Habeas corpus. Before Judge Allen. Stephens City Court. January 29, 1953.
HEAD, Justice.
1. "When in the trial of a habeas corpus case, it appears that the respondent holds the petitioner in custody under an executive warrant based upon an extradition proceeding, and the warrant is regular on its face, the burden is cast upon the petitioner to show some valid and sufficient reason why the "warrant should not be executed. The presumption is that the Governor has complied with the Constitution and the law, and this presumption continues until the contrary appears." Blackwell v. Jennings, 128 Ga. 264 (2) (57 S. E. 484).
2. While the evidence offered by the petitioner in the present case can not be held, as a matter of law, to be sufficient to overcome this presumption, the respondent having tendered in evidence, over proper objections of the petitioner, the requisition of the Governor of the State of South Carolina without "a copy of an indictment found or an affidavit made before a magistrate" (18 U. S. C. A., 3182), the respondent in effect contradicted the prima facie showing made by the warrant alone, and thus showed that the petitioner was being illegally restrained, in that the warrant was not based on a valid requisition. The trial court, therefore, erred in remanding the petitioner to the respondent.
G. A. McFarlin filed his petition for writ of habeas corpus to the Judge of the city Court of Stephens County, alleging that he was being illegally restrained of his liberty by the sheriff of that county, the pretense of his restraint being an extradition warrant issued by the Governor of Georgia upon a request from the Governor of South Carolina. He asserted that the purpose of the proceeding was the collection of a debt from the petitioner, and that such prosecution is in violation of the Constitution of the State of Georgia, article 1, section 1, paragraph 21 (Code, Ann., 2-121). He further asserted that the act of 1951, approved February 21, 1951 (Ga. L. 1951, pp. 726-737, Code, Ann. Supp., Chapter 44-4), and particularly 20 of that act (Code, Ann. Supp., 44-420), is contrary to the Constitution of Georgia, which declares that "the legislative, judicial and executive powers shall forever remain separate," in so far as the act of 1951 delegates, or attempts to delegate, to the Governor judicial power or authority.
The sheriff in his response alleged that he was holding the petitioner under a warrant issued by the Governor of Georgia.
On the hearing the respondent tendered in evidence the following requisition: "The State of South Carolina--Executive Department--Office of the Governor.
"To All To Whom These Presents Shall Come, Greeting; whereas, I have this date issued requisition papers for the extradition of one G. A. McFarlin, wanted in Anderson County, South Carolina, on the charge of obtaining property by false pretense.
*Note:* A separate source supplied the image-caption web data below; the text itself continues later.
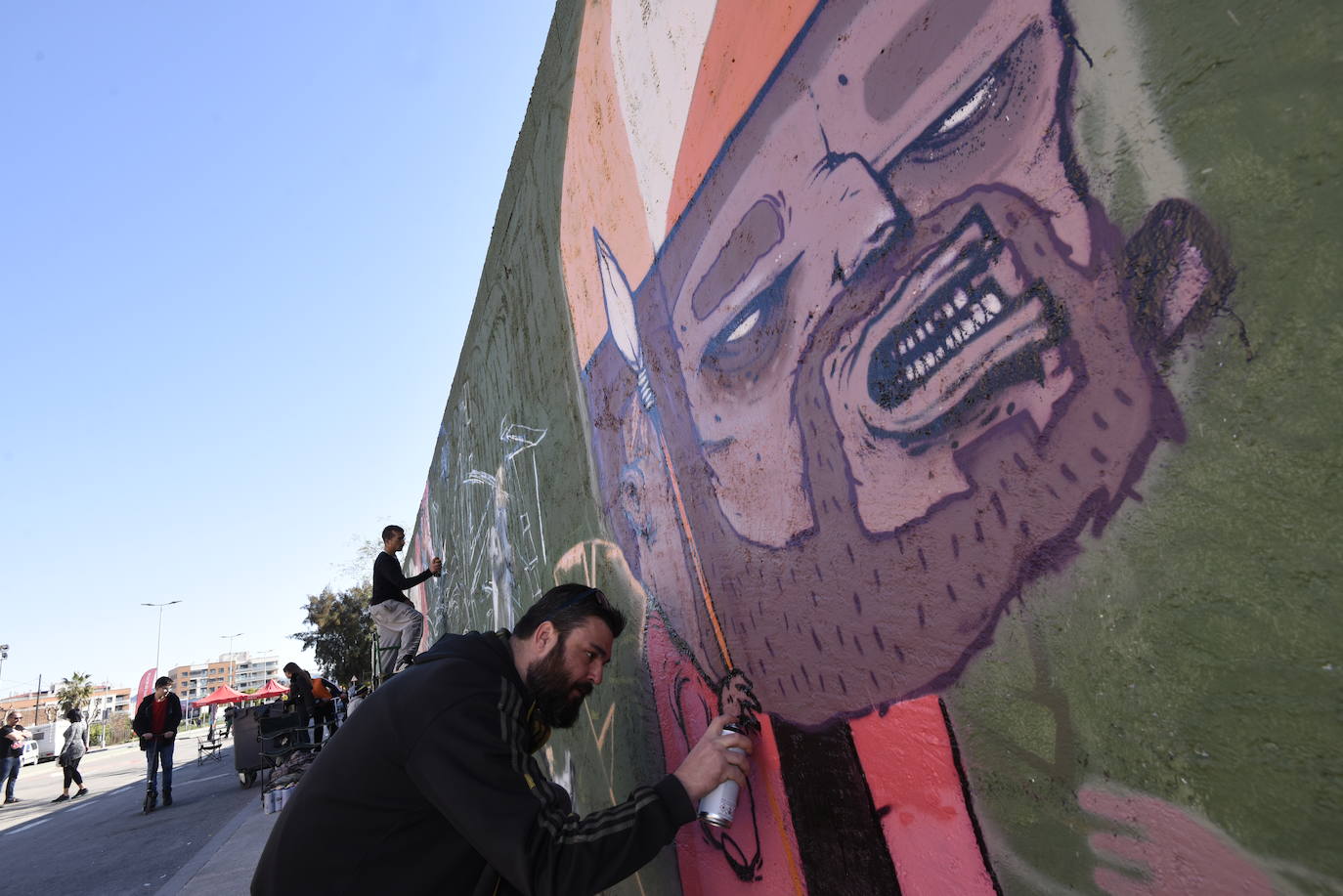 Multitud de vecinos y aficionados arropan a los raperos, grafiteros y bailarines de breakdance que ayer se reunieron en la Colonia de San Esteban, de Murcia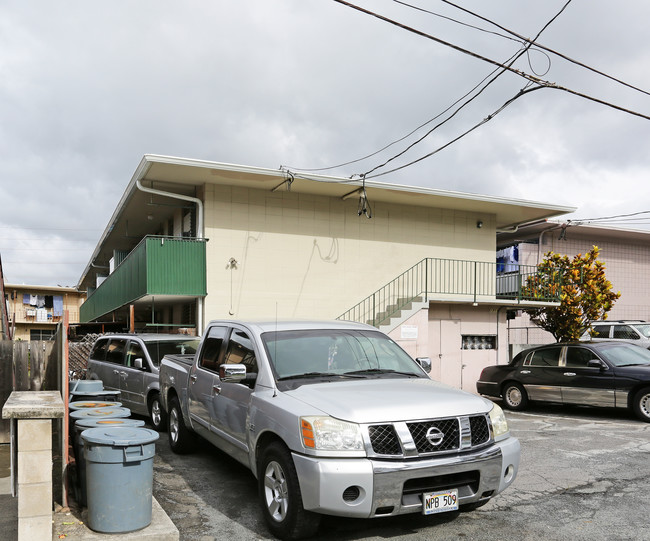 1711 Kaluhikai Ln in Honolulu, HI - Building Photo - Building Photo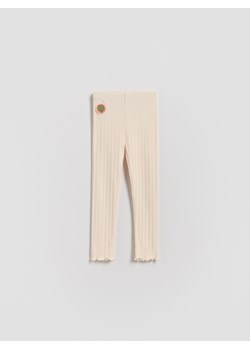 Reserved - Prążkowane legginsy - kremowy ze sklepu Reserved w kategorii Spodnie dziewczęce - zdjęcie 188375054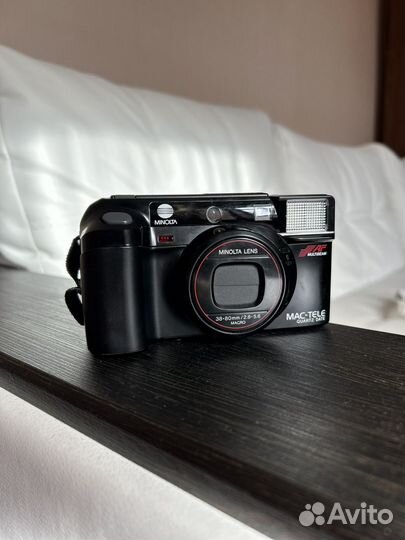 Пленочный фотоаппарат Minolta Mac-tele Quartz Date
"And Whereas, Agreeably to the provisions of the Constitution of the United States, and an Act of Congress passed the Twelfth day of February, One Thousand Seven Hundred and Ninety Three, I have made demand for His Excellency the Governor of Georgia for the delivery of the said G. A. McFarlin as fugitive from justice; and have also, in pursuance of the power vested in me by law, Appointed, and by these Presents I do appoint and Commission Robert Meeks, Deputy Sheriff, Anderson, S. C., Agent, on the part of this State, for the purpose of bringing the said G. A. McFarlin to this State, having jurisdiction of the crime aforesaid, whenever the Governor of said State of Georgia shall cause him to be delivered up, agreeably to the requisition aforesaid.
"These Are, Therefore, To request and require all persons to permit the said Robert Meeks, Deputy Sheriff, Anderson, S. C., to receive and secure the said G. A. McFarlin and bring him unmolested into this State, having jurisdiction of said crime.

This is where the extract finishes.